Keywords: Aluminum alloys, chemical composition, microstructure, intermetallic phases, microhardness
1. INTRODUCTION
Aluminum is used in a wide range of vehicle parts ranging from heat exchangers to closures; each part requires
unique functional properties for these differing automotive applications and therefore needs various alloying
elements. The key alloying elements differ by alloy family. These additions can be Cu, Mn, Si, Mg, Zn and Sn
[1,2].
For simplification reasons, aluminum alloys have been divided in several categories. These categories are
based on production types and compositions and the primary mechanism of mechanical properties
development, with cast and wrought aluminum alloys based on production types and heat treatable and non-
heat treatable based on the mechanism of properties development [3,4].
The effect of different alloying elements in Al-Si alloys can improve certain properties making it suitable for a
wide variety of uses. For a finer structure and improved electrical conductivity boron is used, while bismuth
increases machinability and chromium improves hardenability. The addition of antimony increases corrosion
resistance in sea water, but the addition of copper decreases this resistance while increasing the strength.
Cobalt together with iron increases the alloy strength properties at high temperatures [4].
The benefits of alloying Al-Si castings with iron are the increase in hot-tear resistance and the decrease in the
tendency of die soldering. This occurs when the molten aluminium welds to the die surface, damaging the die
and resulting in a poor casting surface finish. At least 0.6 wt% of iron is required to avoid die sticking but higher
iron concentration reduces the alloys fatigue properties. Iron also reacts to form several intermetallic phases
like FeAl3, FeMnAl6 and α-AlFeSi. These phases are insoluble and are responsible for improvement in strength
at elevated temperatures but come with the downside of embrittlement of the microstructure.

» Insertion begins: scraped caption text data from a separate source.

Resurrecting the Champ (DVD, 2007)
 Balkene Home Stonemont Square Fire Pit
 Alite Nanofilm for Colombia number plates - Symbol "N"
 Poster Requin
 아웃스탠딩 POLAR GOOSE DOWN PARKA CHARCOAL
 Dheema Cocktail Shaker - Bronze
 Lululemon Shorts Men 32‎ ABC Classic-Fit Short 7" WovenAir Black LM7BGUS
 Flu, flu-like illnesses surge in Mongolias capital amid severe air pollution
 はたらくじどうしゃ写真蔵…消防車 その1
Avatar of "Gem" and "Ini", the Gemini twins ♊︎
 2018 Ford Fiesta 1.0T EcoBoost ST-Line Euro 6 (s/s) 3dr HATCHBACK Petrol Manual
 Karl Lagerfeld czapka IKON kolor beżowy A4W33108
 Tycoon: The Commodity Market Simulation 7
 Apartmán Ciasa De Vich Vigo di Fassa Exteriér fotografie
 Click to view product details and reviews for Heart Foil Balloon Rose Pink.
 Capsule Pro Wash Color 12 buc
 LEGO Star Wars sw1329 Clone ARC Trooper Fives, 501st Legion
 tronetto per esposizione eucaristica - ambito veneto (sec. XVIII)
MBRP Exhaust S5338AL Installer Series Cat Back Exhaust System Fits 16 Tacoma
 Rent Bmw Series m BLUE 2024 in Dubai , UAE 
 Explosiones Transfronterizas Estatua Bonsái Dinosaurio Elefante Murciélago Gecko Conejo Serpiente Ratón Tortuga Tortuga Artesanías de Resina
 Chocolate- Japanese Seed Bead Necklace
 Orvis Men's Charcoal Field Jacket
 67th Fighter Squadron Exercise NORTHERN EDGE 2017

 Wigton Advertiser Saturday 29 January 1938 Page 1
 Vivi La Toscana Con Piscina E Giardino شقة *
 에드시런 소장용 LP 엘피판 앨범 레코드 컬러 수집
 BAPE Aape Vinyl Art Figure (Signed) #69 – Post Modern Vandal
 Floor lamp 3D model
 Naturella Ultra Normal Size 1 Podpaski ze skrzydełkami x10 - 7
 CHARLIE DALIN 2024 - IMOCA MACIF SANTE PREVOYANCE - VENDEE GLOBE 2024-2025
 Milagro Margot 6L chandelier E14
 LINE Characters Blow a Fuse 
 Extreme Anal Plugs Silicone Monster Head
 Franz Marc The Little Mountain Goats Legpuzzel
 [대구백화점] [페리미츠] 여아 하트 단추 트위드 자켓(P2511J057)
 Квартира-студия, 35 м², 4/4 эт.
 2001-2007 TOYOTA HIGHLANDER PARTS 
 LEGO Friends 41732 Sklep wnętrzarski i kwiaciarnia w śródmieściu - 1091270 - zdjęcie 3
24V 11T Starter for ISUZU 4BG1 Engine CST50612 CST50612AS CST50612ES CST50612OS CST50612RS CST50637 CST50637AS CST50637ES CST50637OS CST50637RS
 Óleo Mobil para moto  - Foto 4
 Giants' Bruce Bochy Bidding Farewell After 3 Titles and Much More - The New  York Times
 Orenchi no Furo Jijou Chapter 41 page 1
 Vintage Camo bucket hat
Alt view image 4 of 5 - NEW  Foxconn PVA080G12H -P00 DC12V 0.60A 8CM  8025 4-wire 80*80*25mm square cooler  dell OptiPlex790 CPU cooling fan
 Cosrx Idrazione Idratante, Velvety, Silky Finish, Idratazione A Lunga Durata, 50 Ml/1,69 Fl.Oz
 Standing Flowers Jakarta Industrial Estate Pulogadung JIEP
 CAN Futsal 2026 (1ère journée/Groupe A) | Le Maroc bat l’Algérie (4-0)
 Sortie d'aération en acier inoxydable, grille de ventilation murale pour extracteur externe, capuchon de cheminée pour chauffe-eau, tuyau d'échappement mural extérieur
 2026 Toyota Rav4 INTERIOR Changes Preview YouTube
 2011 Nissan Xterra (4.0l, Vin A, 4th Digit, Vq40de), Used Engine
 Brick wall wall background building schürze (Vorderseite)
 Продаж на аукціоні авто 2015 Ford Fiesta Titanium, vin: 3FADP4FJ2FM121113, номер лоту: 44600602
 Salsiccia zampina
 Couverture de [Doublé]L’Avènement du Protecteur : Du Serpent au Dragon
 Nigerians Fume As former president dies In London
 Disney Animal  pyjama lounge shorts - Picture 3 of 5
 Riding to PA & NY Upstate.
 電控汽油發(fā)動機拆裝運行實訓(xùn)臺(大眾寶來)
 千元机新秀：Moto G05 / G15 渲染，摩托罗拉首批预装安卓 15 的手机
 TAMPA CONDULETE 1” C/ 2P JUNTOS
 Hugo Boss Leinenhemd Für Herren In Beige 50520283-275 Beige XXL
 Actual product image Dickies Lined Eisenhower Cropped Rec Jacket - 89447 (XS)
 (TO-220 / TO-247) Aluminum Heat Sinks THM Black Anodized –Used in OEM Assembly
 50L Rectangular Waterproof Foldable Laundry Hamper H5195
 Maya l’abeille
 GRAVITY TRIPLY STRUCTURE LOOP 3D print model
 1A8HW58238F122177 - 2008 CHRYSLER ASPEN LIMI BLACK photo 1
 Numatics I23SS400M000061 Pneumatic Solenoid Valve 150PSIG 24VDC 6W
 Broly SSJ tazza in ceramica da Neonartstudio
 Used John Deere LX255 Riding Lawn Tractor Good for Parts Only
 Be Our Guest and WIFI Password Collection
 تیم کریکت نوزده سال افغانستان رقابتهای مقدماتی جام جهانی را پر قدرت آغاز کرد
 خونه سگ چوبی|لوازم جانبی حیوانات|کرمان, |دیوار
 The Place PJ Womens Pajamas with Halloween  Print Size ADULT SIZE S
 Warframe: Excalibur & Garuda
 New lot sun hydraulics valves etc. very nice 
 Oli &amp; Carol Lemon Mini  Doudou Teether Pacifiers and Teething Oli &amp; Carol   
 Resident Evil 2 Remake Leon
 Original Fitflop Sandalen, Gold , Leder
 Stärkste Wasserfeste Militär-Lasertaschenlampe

Iron also decreases the ability to feed, increases the porosity and diminishes the effect of grain refinement.
Therefore, alloys such as A356 have a limit of 0.12 wt% of iron. Manganese is the most preferred element to
May20th- 22nd 2020, Brno, Czech Republic, EU
neutralize the adverse effects of the excess of iron in the melt. Mn is typically added at half the percentage of
iron in the melt. Mn and Fe may be considered isomorphous and alloy chemistry may reflect stoichiometries
favouring the least detrimental insoluble Al-Fe-Mn phases [5,6].
When as-cast Al-Si alloys are subjected to elevated temperatures, they tend to experience growth due to the
precipitation of silicon from the solid solution. Slow solidification of Al-Si alloys results in a coarse
microstructure, in which the eutectic comprises large plates or needles of silicon in the continuous matrix of
aluminum. As the coarse plates of silicon are brittle, the eutectic alloy shows low ductility and tensile strength.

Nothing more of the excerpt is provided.